The Turris-led Predators were outscoring the no-Turris Predators by an average of 3.82 goals to 2.67 goals per game.
“He’s such an intelligent, smart hockey player that he’s a quick learner,” says Johansen of Turris. “He learned our system real quick, he’s always in the right spot and makes it really easy for him to fit in and work with other guys. Everyone he’s on the ice with knows what to expect from him.”
Turris’ linemates certainly won’t argue that point.
In the 14 games he played before Turris arrived, Fiala had totaled zero goals and seven assists. In the first 17 games after Turris arrived, Fiala posted eight goals and eight assists.
The numbers are similar for Smith.
In the 15 games he played before Turris’ arrival, Smith had four goals and one assist. In the first 17 games after Turris arrived, Smith produced eight goals and eight assists.
“Everybody is fast on the line – everybody wants to shoot the puck and we can make plays,” Fiala points out. “We just have a focus to score goals, and to go to the front of the net.”
Adds Smith: “When he has the puck on his stick, you gotta’ be ready. He’s looking. He’s also got a great shot, so he’s been a good fit with us. We all try to play as fast as we can and that definitely creates some havoc down the other end of the ice.”
Opponents now have to concern themselves at least as much with the Turris line as they do with Johansen’s line, stretching their resources and often times leaving them overwhelmed. The Predators scored at least four goals in nine of Turris’ first 17 contests.
“With him coming in, it’s another threat,” Johansen acknowledges. “Teams have to be aware of him when he’s on the ice because he’s obviously a known goal-scorer in this league. So, for sure, it opens up more room for my line and whoever else I’m playing with.”
Best in-season trade?
Poile has made at least a handful of other big in-season trades dating all the way back to the first month of the first season, when he brought Ronning on board. The feisty little center would lead the Preds in scoring in each of his four seasons in Nashville.
Then there was Forsberg, who notched 15 points in 17 regular-season games and guided the Preds to a 10-4-3 record when he was in the lineup down the stretch of the 2006-07 season.
Moving forward, players like Fisher and Johansen helped push the Predators toward milestone achievements.
Only months after Fisher arrived, he steered the Preds into the second round of the playoffs for the first time in franchise history. Johansen’s high-quality play as a first-line center was a big reason the Preds advanced to the Stanley Cup Final for the first time in 2017.
But as far as instant impact is concerned for the Predators, only the Sullivan trade can hope to compare with the Turris acquisition.
Sullivan burst out of the gates with a hat trick and an assist in his very first game after being acquired via trade from Chicago.
“I’d say that’s a pretty good immediate impact,” says Preds forward Scott Hartnell, who was on that 2003-04 team. “You couldn’t have asked for a better start.”

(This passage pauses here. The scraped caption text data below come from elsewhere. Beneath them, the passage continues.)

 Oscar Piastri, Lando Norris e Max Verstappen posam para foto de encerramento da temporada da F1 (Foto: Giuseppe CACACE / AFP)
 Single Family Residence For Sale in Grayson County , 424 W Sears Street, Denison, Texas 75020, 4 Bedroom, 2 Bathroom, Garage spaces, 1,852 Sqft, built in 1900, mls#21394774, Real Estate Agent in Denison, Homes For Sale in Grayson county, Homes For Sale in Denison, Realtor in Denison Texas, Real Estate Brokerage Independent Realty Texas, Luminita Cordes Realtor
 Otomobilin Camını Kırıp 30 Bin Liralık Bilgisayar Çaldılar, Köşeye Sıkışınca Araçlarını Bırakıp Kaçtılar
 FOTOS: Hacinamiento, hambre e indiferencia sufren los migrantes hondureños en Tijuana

Sullivan would go on to produce 10 points in his first three games for a new team, tying an NHL record held by Wayne Gretzky. It didn’t stop there, as Sullivan piled up 30 points in 24 regular-season games with the Preds in 2003-04, giving Nashville the boost it needed to earn its first playoff berth.
“He was always a guy you could look to for a big play offensively,” Hartnell adds. “He really made a difference on the power play.”

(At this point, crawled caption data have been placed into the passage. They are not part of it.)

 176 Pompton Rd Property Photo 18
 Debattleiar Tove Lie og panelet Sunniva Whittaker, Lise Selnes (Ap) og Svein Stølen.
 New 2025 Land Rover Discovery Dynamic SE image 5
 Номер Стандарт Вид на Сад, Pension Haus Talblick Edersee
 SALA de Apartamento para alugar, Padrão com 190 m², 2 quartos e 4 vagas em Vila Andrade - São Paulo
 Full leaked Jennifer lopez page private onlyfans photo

But not even Sullivan, who was playing on a less talented Preds’ squad than the current version, could impact the team’s record as quickly as Turris has. In those 24 regular-season games of 2003-04 with Sullivan, the Predators went 11-7-4-2 (the last two numbers are ties and overtime losses, respectively).
With Turris on board, the Preds won 13 of their first 17 contests, capturing an overtime point in two other games.
“Sully was a great forward, just like Kyle is,” Hartnell says. “But you now also know that Kyle is going to be here for at least another six years.
“He’s not going anywhere. So, with him and (Johansen) here, that’s as good a one-two center combination you’ll find in the league.”